Por eso, de lo que se trata ahora es de reconocer que no podemos ir más allá de nosotros
mismos, (estamos condenados al diferendo), y de saber que la justicia es pensable solamente en
el marco de unas estructuras políticas que hagan posible la confrontación de las diferencias. Unas
estructuras que no estén legitimadas en base al relato de la "emancipación integral", sino en base
a estrategias de acción en donde se es conciente de que el combate a la injusticia genera
necesariamente nuevas formas de injusticia. La pregunta sería entonces: ¿cuáles injusticias son
más o menos tolerables para el conjunto de la sociedad? Pero esta es una cuestión que ya no
puede ser decidida a priori en base a ningún tipo de metalenguaje universal, sino que deberá ser
sometida a la consideración de un debate público, en donde las partes en conflicto puedan hacer
valer sus argumentos legítimamente y en donde el disenso pueda ser pacíficamente regulado.

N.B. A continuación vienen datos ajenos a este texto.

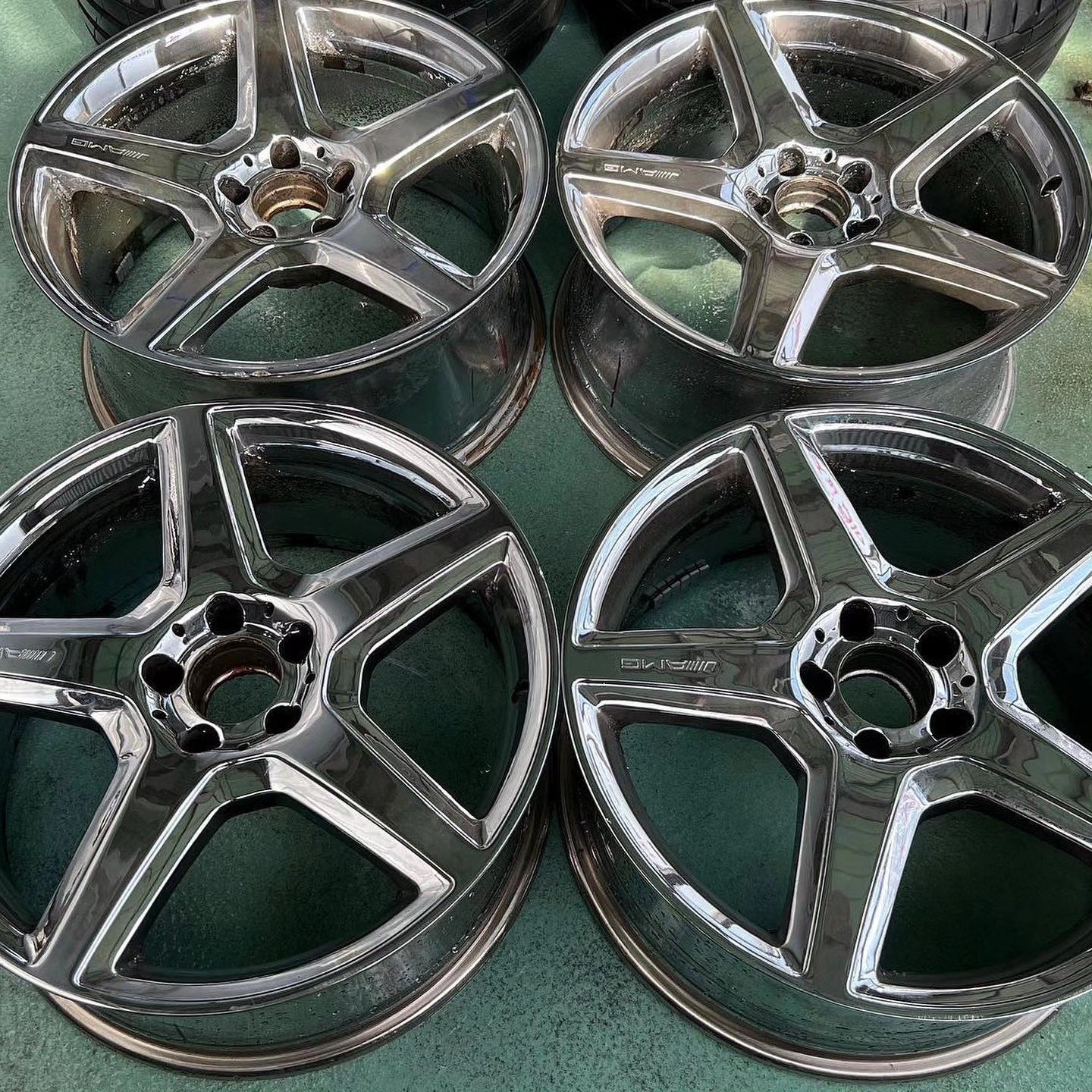 OEM AMG R19 Wheels – Genuine Mercedes-Benz Parts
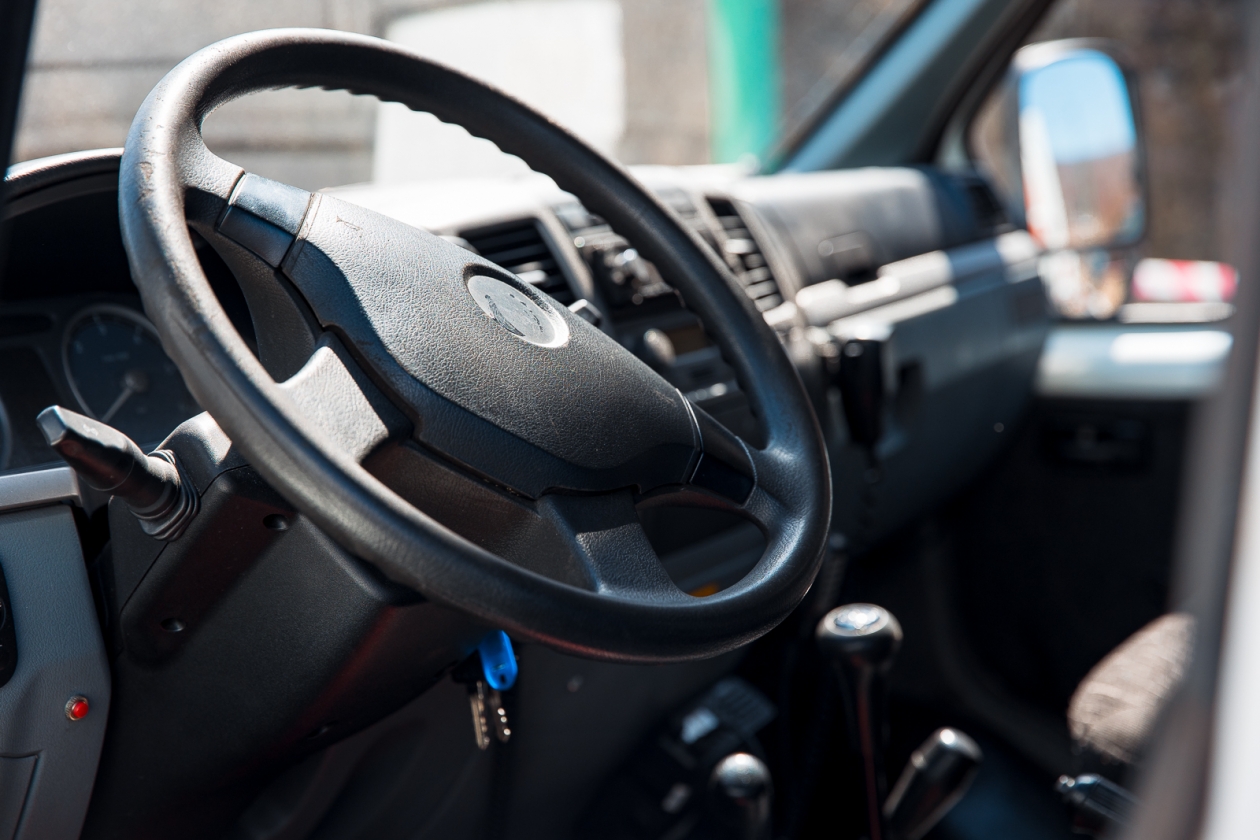 Житель Ейска из ревности поджег автомобиль знакомой вместо соперника Илья Аверьянов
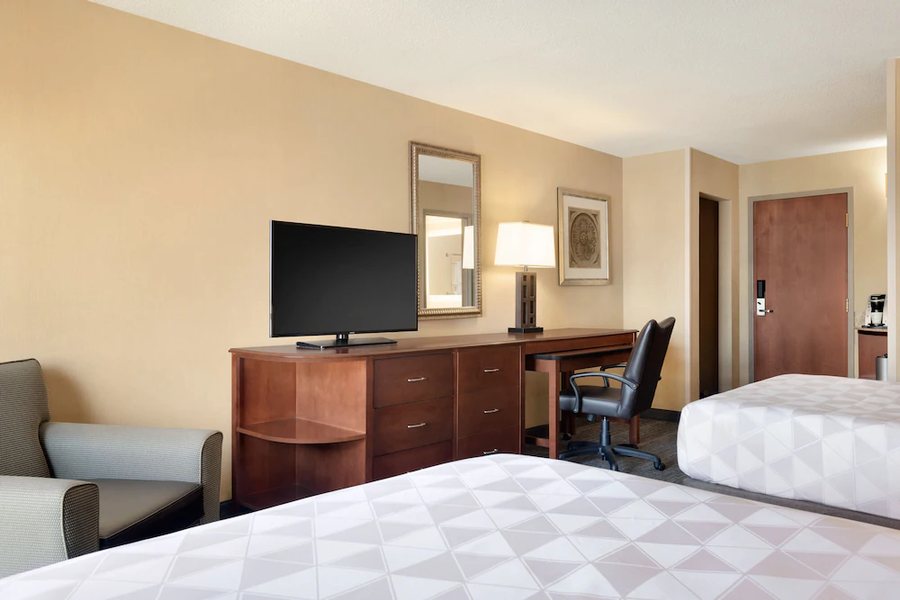 Holiday Inn National Airport Crystal City by IHG — Guest room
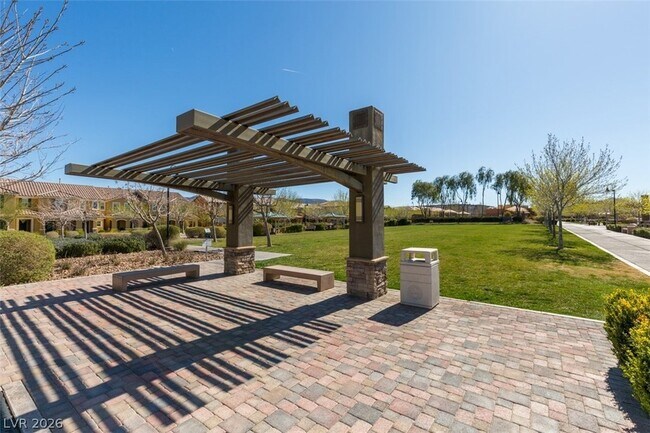 Building Photo - 3009 Camino Sereno Ave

Por supuesto que imaginar un tipo de sociedad semejante implica necesariamente el recurso a la
utopía. Pero, por fortuna, la dimensión utópica no se reduce solamente a los relatos unitarios de la
modernidad. Existen otro tipo de formas narrativas, que aunque siguen cumpliendo una función
utópica, no enfatizan valores tales como la unidad, el consenso, la armonía, la homogeneidad, la
ausencia de injusticia y la reconciliación. La utopía de un mundo policéntrico desde el punto de
vista económico-político y pluralista desde el punto de vista cultural. La utopía de la coexistencia
pacífica, aunque necesariamente conflictiva, entre diferentes formas de conocimiento y entre
diferentes criterios morales de acción. La utopía de un mundo en el que corran paralelamente
diferentes rutas alternativas hacia la modernidad. La utopia de una sociedad que sea capaz de
modernizar la tradición sin destruirla. La utopía de una religiosidad vivida intensamente sin
pretender re-encantar el espacio público. La utopía de un orden político en donde todas las
personas tengan oportunidad para hacer oir su voz y luchar legítimamente por mejorar su calidad
de vida. La utopía de un desarrollo económico que no conlleve la destrucción de la naturaleza. Por
no estar ligados a pretensiones mesiánicas y sobrehumanas, estos modelos utópicos pudieran
servir de base narrativa para políticas de caracter no totalitario. El "final de las utopías" anunciado
por la posmodernidad no significa, entonces, el resecamiento absoluto de la dimensión utópica
sino, todo lo contrario, la re-escritura y re-interpretación de viejas utopías según las nuevas
necesidades del hombre contemporáneo. Atreverse a imaginar utópicamente el futuro continúa
siendo un estatuto regulador de cambio y de lucha por el cambio. Pero después de Auschwitz,
Hiroschima y Ayacucho , sólo podemos entender ese cambio bajo el paradigma de la diversidad y
la heterogeneidad, a riesgo de repetir la tentación a convertir la razón en irracionalidad.